[Data records]
- - -

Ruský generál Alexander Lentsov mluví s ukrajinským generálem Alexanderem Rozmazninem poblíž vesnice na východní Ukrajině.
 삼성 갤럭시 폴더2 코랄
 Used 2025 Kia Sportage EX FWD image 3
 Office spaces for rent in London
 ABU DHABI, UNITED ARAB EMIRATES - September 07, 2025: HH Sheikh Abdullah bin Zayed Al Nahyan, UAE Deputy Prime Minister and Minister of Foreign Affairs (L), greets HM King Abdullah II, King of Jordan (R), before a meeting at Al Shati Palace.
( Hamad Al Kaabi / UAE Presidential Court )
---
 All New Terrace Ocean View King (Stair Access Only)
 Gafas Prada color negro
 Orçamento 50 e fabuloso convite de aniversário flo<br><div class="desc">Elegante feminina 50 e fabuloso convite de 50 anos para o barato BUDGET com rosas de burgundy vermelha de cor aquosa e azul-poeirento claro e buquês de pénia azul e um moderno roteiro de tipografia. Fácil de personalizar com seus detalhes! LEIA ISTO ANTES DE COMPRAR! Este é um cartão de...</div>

- - -

• The task:
As the answer, set down only the lines from the data above between the one holding "( Hamad Al Kaabi / UAE Presidential Court )" and the one holding "Gafas Prada color negro", inclusive, exactly as they read.

• Reply:
( Hamad Al Kaabi / UAE Presidential Court )
---
 All New Terrace Ocean View King (Stair Access Only)
 Gafas Prada color negro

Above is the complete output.